Data provided ▸
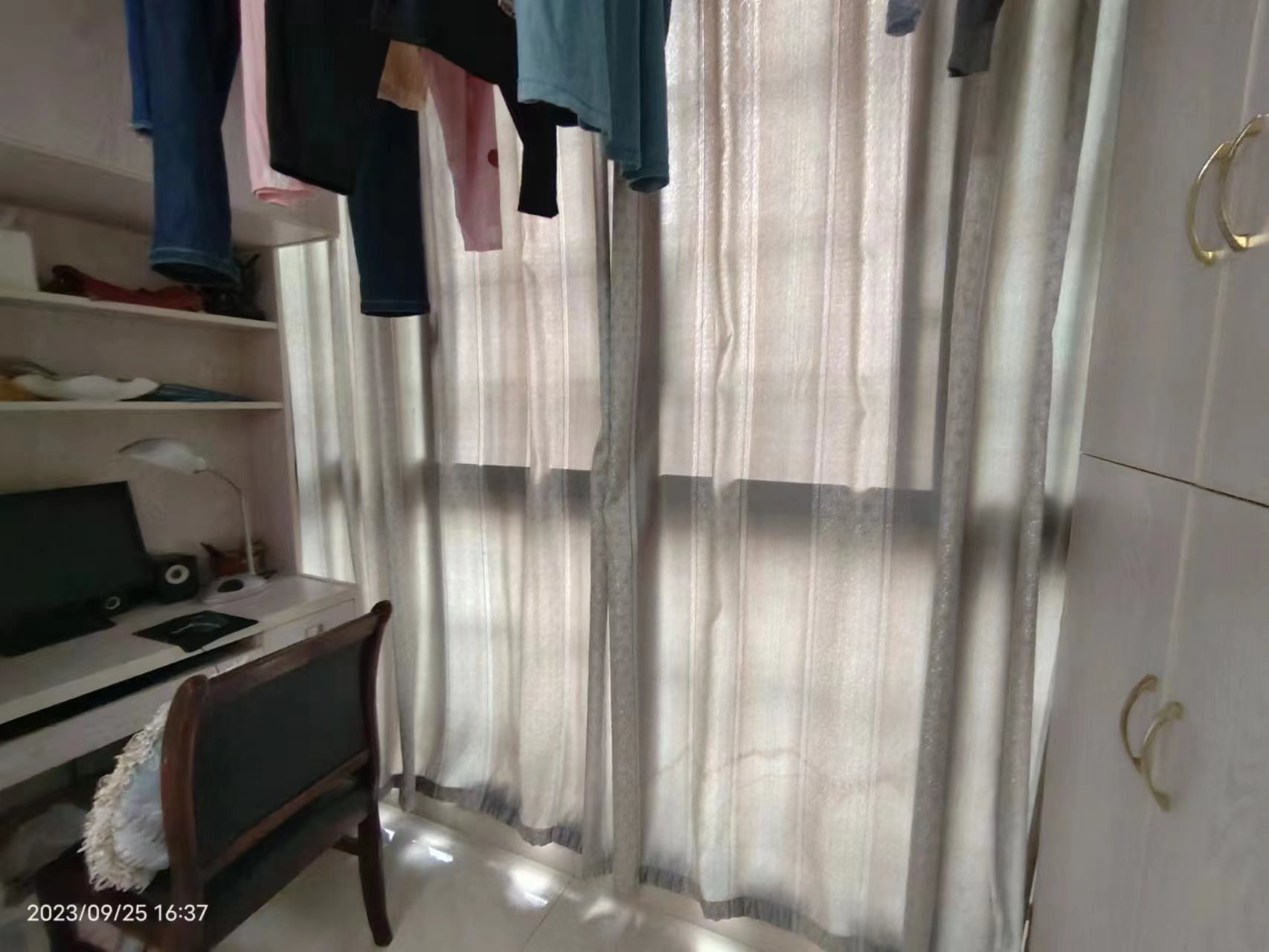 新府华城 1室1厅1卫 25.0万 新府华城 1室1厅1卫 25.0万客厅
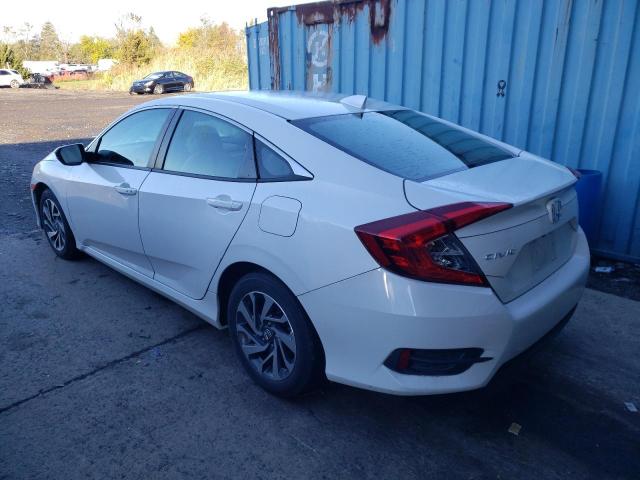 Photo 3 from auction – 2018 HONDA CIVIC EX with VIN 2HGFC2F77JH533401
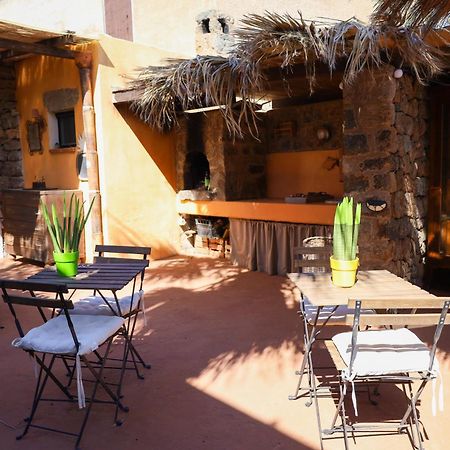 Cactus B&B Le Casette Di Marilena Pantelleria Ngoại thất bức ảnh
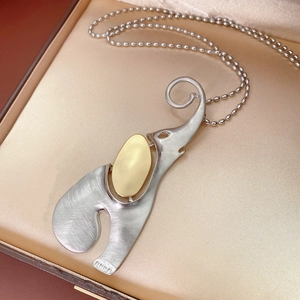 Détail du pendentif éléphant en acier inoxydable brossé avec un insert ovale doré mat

...

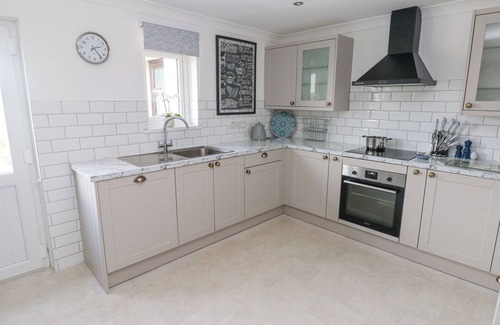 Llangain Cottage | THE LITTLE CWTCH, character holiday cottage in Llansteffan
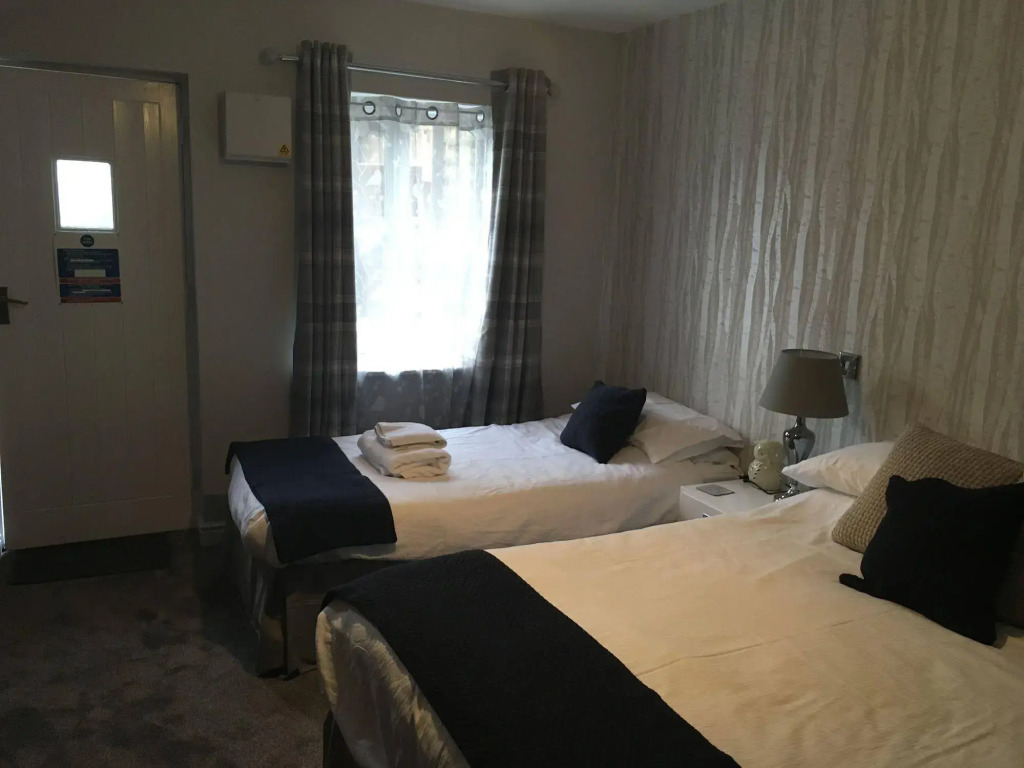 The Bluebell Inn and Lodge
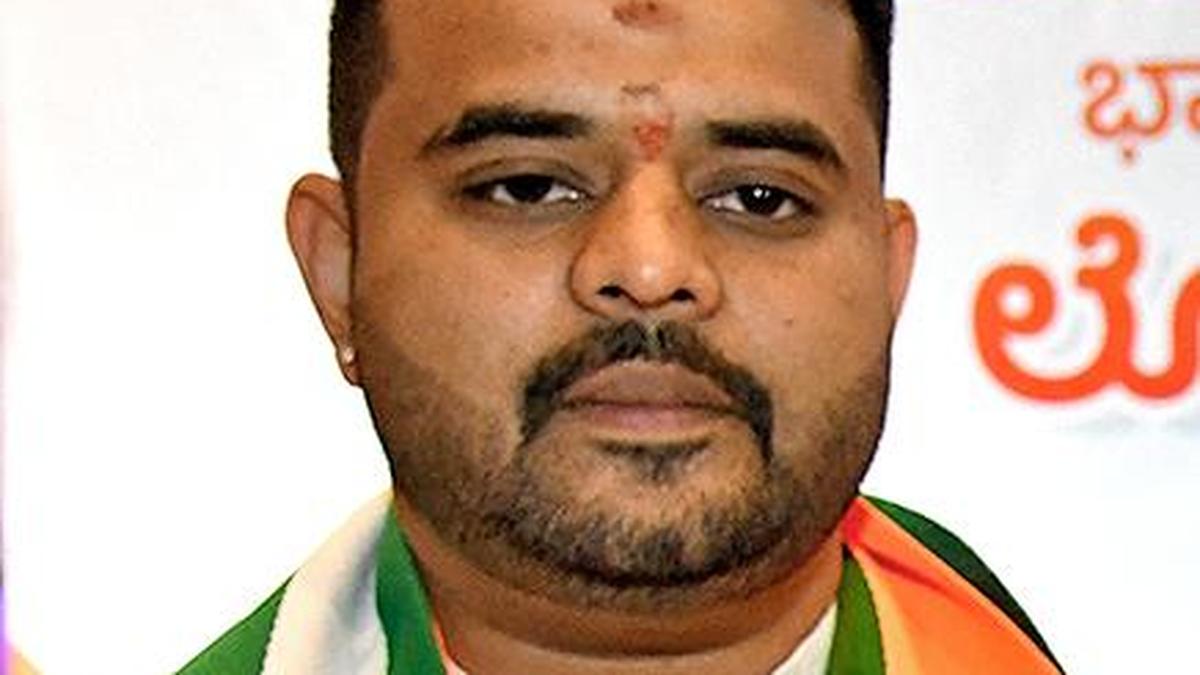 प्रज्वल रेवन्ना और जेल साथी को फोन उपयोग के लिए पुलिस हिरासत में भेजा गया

Instructions to follow ▸
Look above for the line containing "新府华城 1室1厅1卫 25.0万 新府华城 1室1厅1卫 25.0万客厅", then write out every line from there down to the line containing "Détail du pendentif", that line included, with no pictures.

Solution to the problem ▸
 新府华城 1室1厅1卫 25.0万 新府华城 1室1厅1卫 25.0万客厅
 Photo 3 from auction – 2018 HONDA CIVIC EX with VIN 2HGFC2F77JH533401
 Cactus B&B Le Casette Di Marilena Pantelleria Ngoại thất bức ảnh
 Détail du pendentif éléphant en acier inoxydable brossé avec un insert ovale doré mat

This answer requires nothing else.